RPB9 is a nonessential subunit that has a protein mass of 14kDa. In order to determine cell viability in the absence of RPB9, the gene was replaced with the yeast nutritional marker HIS3. As a result, analysis of the sporulated products demonstrated the regeneration of haploid cells (Woychik 1991). Experiments have been performed to test the temperature dependence of the subunit to enzyme function. Cells lacking the gene grew normally at moderate temperatures (30-33ºC) but failed to grow at hot or cold temperatures (12ºC and 38ºC). Therefore, like RPB4, this subunit plays an important role in maximizing polymerase function at temperature extremes (Woychik 1991).
Deletion of the gene maintains normal levels of transcription, but alteration of the start site selection pattern. An experiment performed in 1995 by Woychik and colleagues demonstrates that loss of RPB9 "does not drastically decrease the level of transcription in vitro." However, the transcripts produced were longer in length than that of the wild type.
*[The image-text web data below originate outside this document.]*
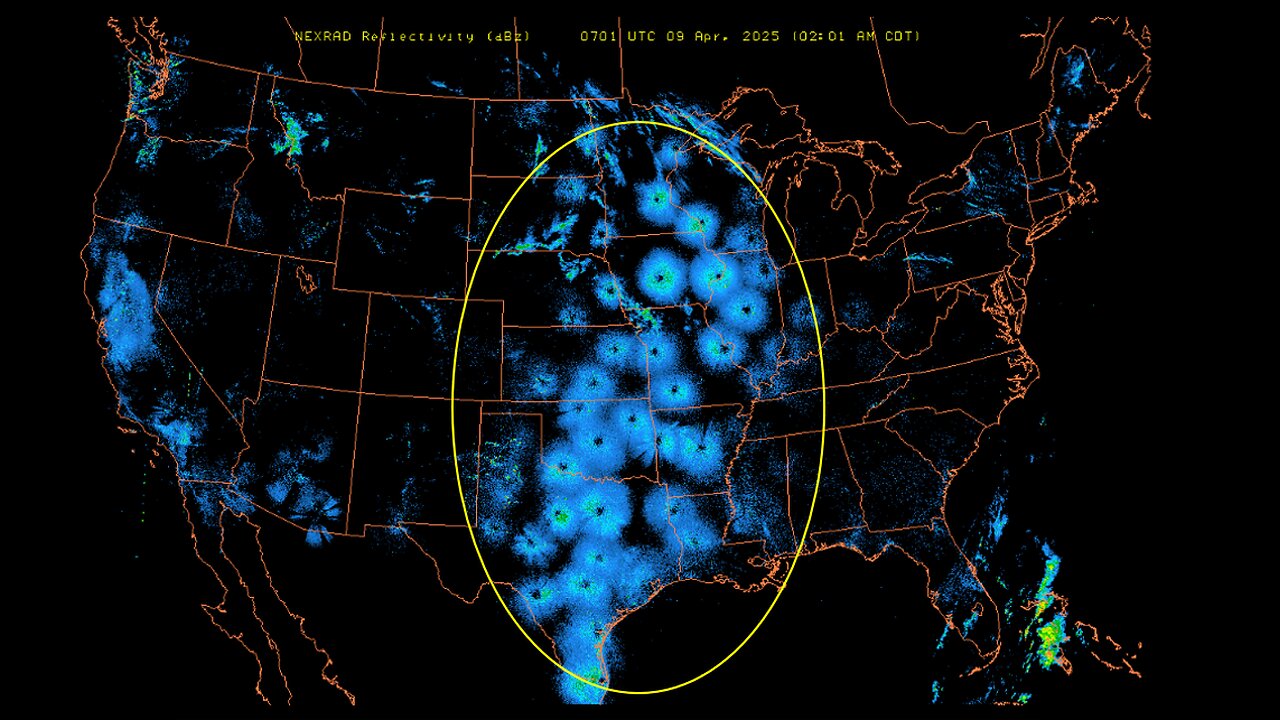 Nothing To See Here - Weather Manipulation - What Is This For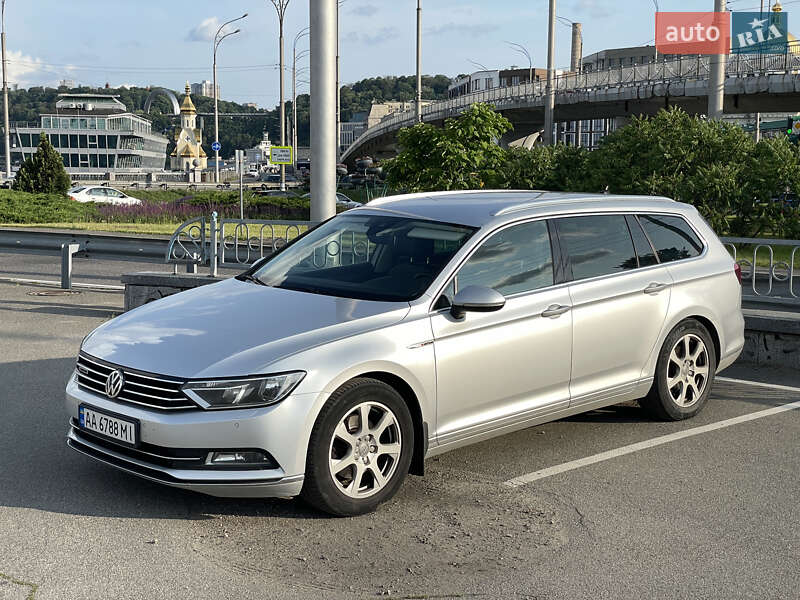 2015 volkswagen passat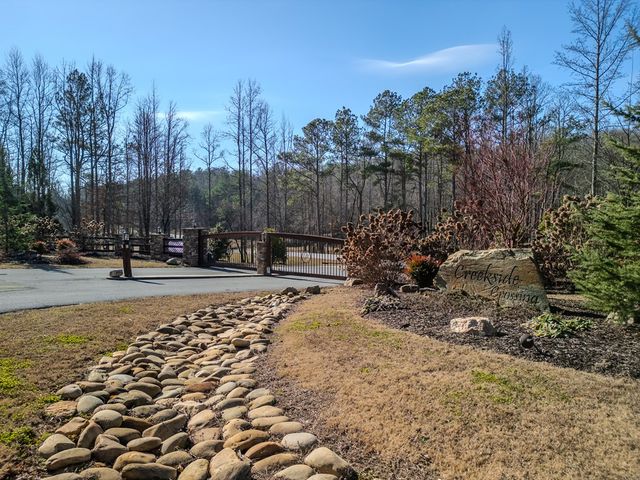 lot 178 Vista Creek Drive, Talking Rock, GA 30175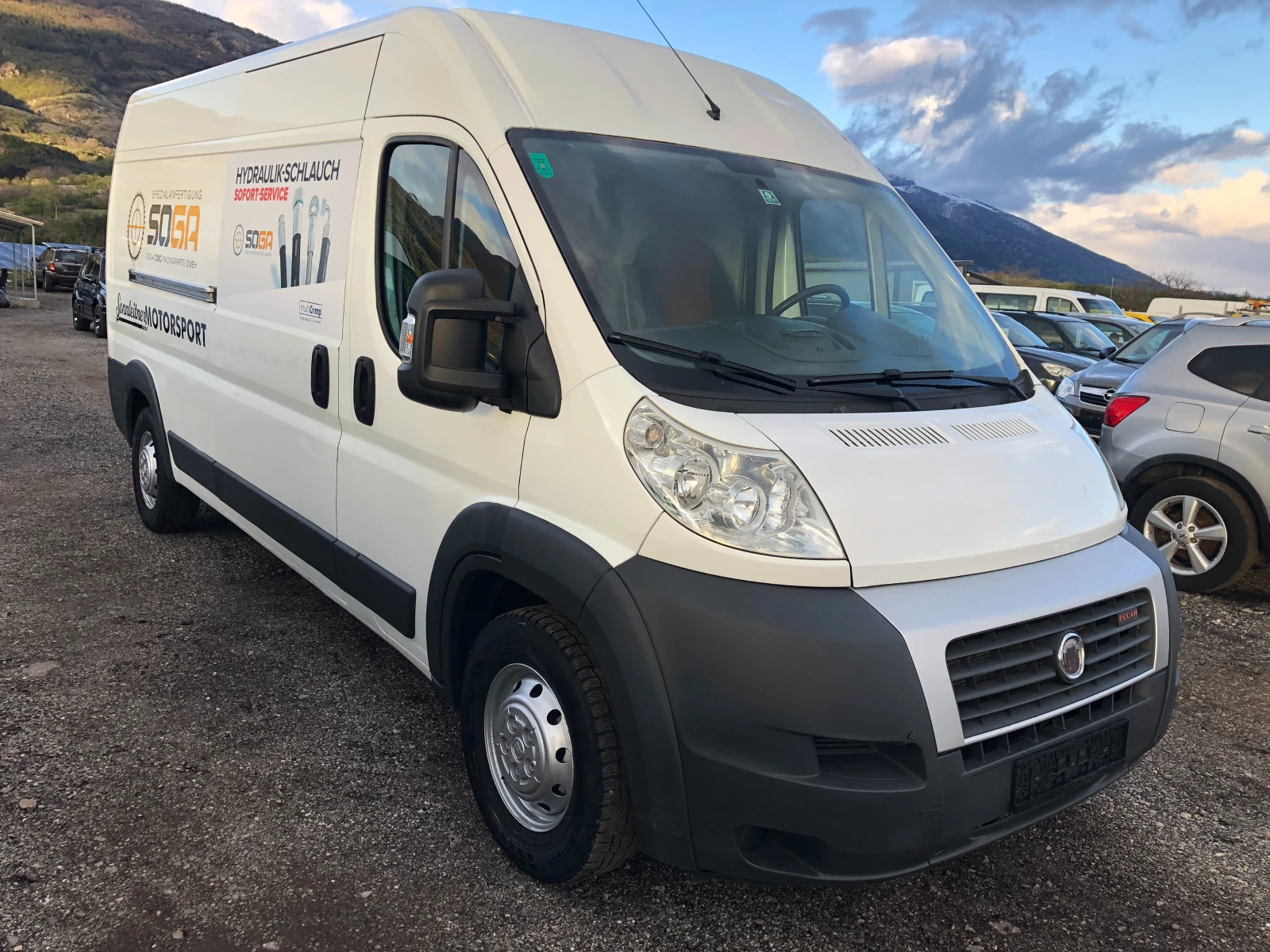 Fiat Ducato КЛИМАТРОНИК, НАВИГАЦИЯ - изображение 3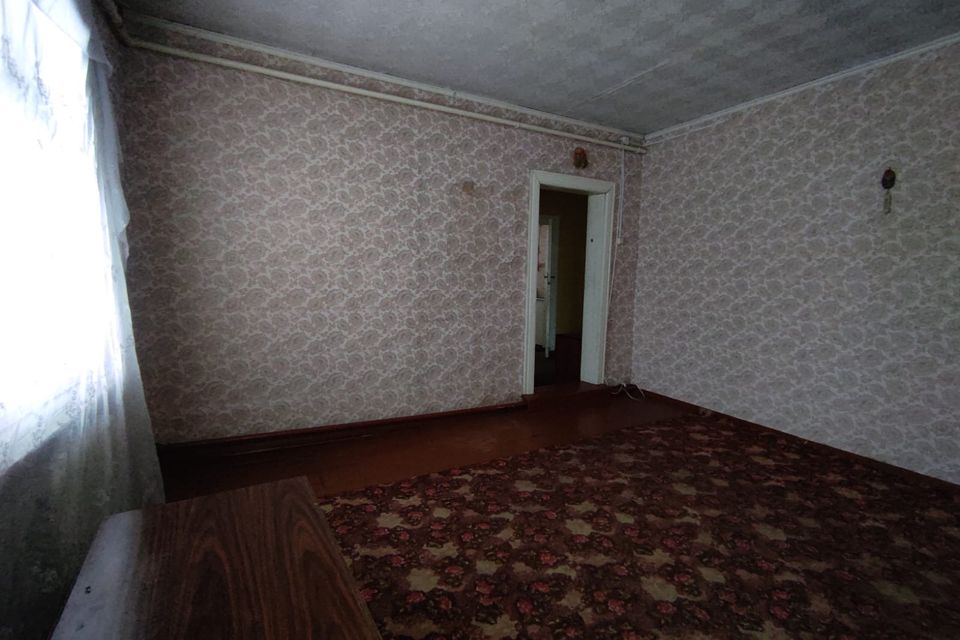 Продаётся 3-комнатная квартира, 58.2 м²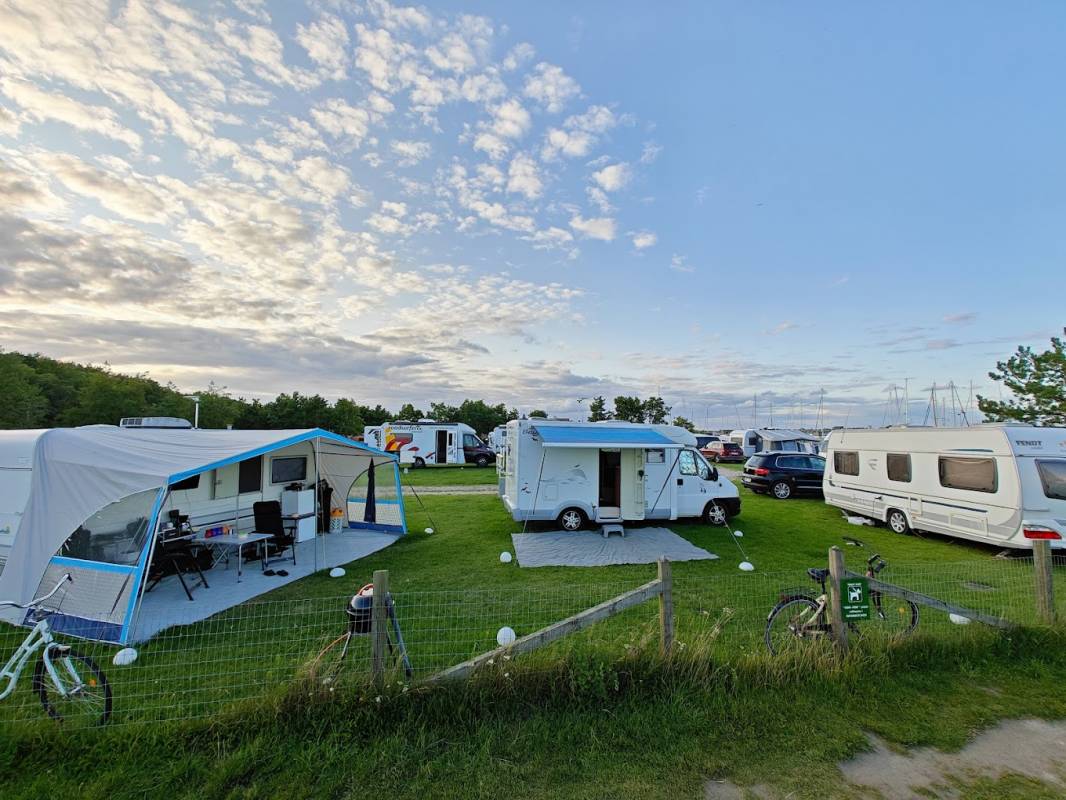 Kragenaes Marina Lystcamp — Photo 3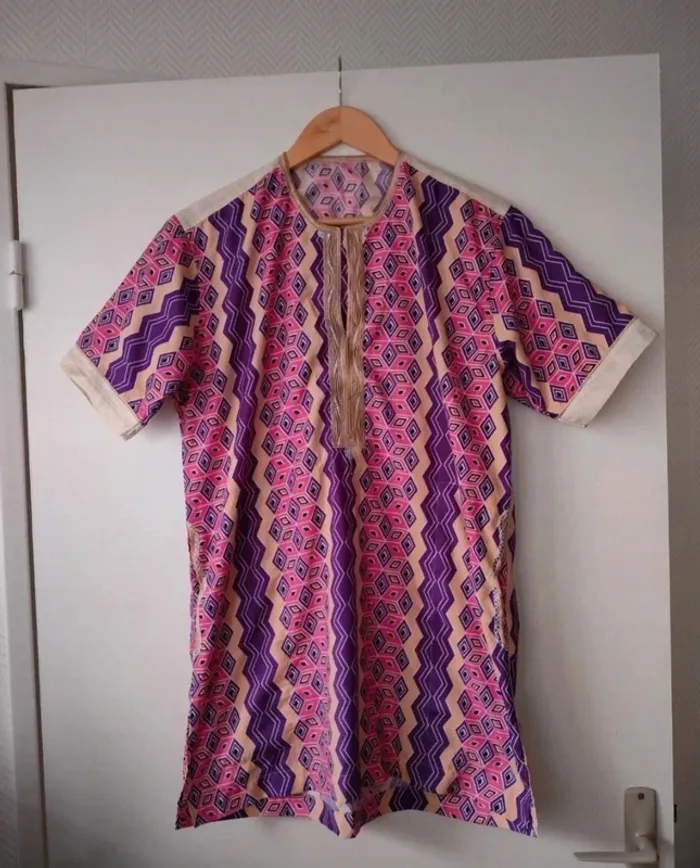 Blouse coloré TU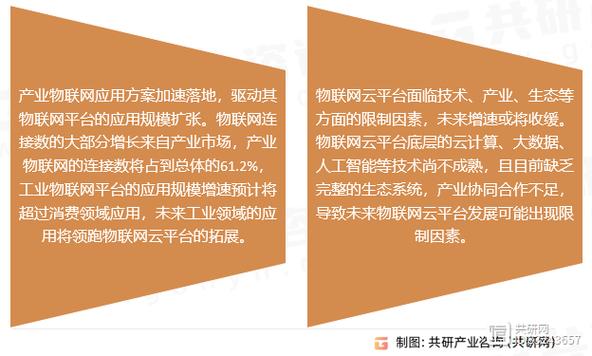物联网平台(物联网技术应用与发展趋势)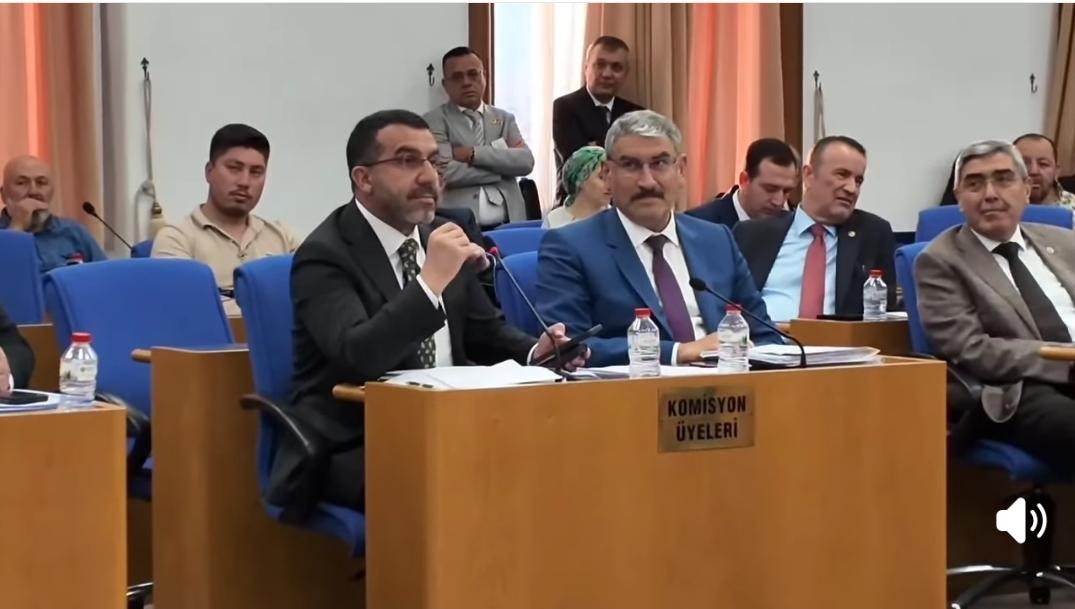 Kars Milletvekili Adem Çalkın: Çevre ve doğa konusunda yapılan eleştirilere yanıt verdi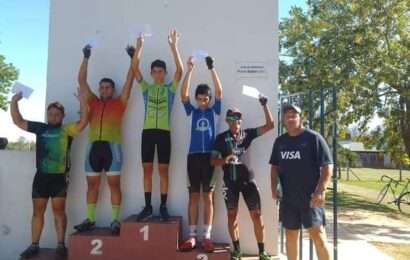 Podios para Nico Rodríguez y Claudio Torres en Chacabuco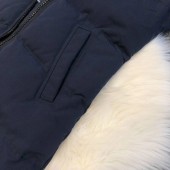 カナダグース レディース 青い 新作＆送料込人気 婦人服 ダウンジャケット canadagoose016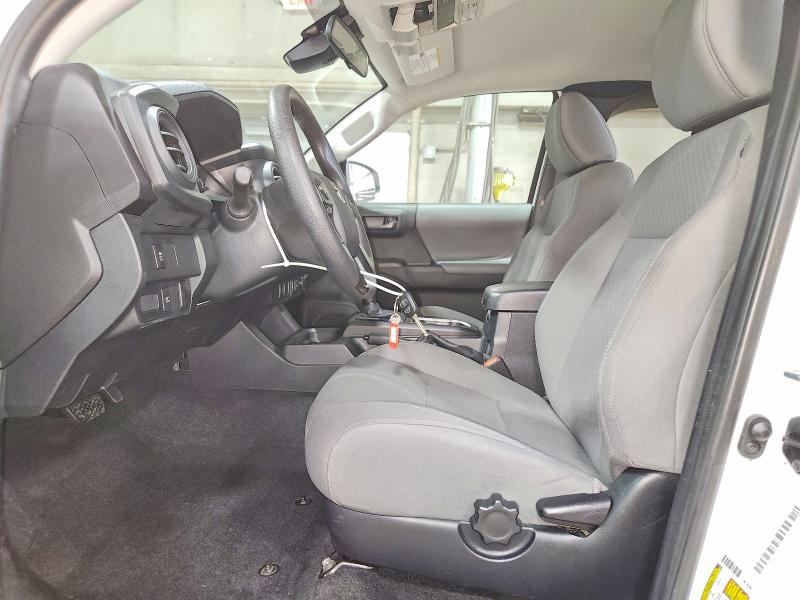 2023 Toyota Tacoma მანქანა იყიდება აუქციონზე, vin: 3TYRX5GN7PT083469, აუქციონის ნომერი: 69368306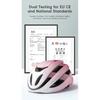 ROCKBROS Bicycle Helmet Men Women MTB Road Safety Integrally-molded Ultralight Helmet Breathable Ajustable Bike Cycling Helmet
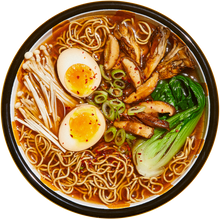Spicy "Beef" Cup Ramen - Vegan America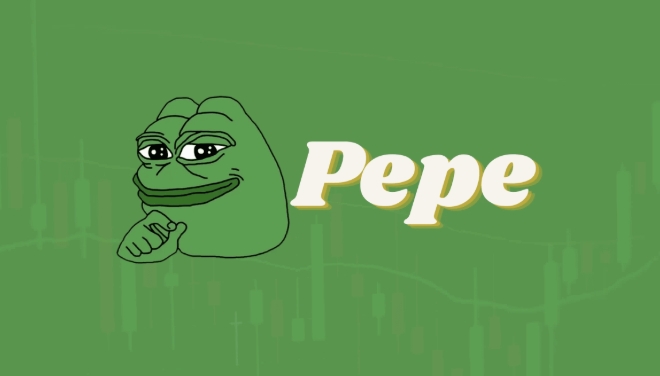 PEPE币实时行情走势图app PEPE币今日价格k线在线查看 - php中文网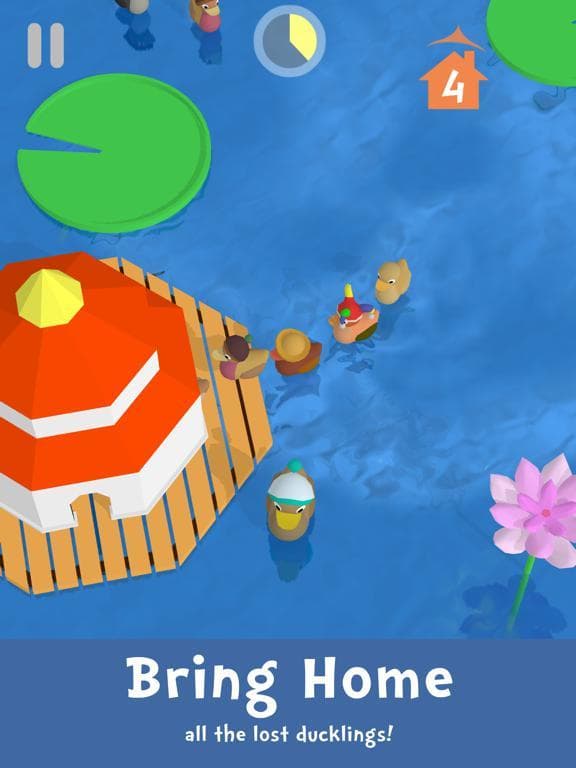 Carol the Duck screenshot 3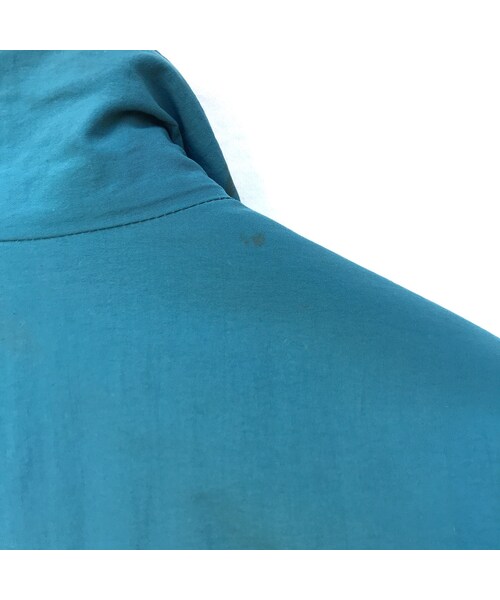 L.L.Bean(エルエルビーン)の「Made in USA / L.L.Bean / Gore-tex Nylon Jacket / Green / Used(マウンテンパーカー・メンズ・その他)」の11枚目の写真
Therefore this subunit must play a critical role in accurate start site selection (Woychik 1995). Transcription is actually initiated farther upstream in the absence of RPB9 (Woychik 1995).
Another important characteristic of RPB9 is its two metal binding domains and comigration with another subunit. They are cysteine repeat motifs CX2CX18CX2C and CX2CX24CX2C (Woychik 1991). These zinc-finger binding domains span half of the protein. RPB9 comigrates with RPB11 on SDS-polyacrylamide gel. Kornberg and colleagues were able to identify the subunit by performing a multi-step purification that revealed all 12 subunits, as opposed to Young's single step purification that only revealed 10 subunits (Weaver 1999).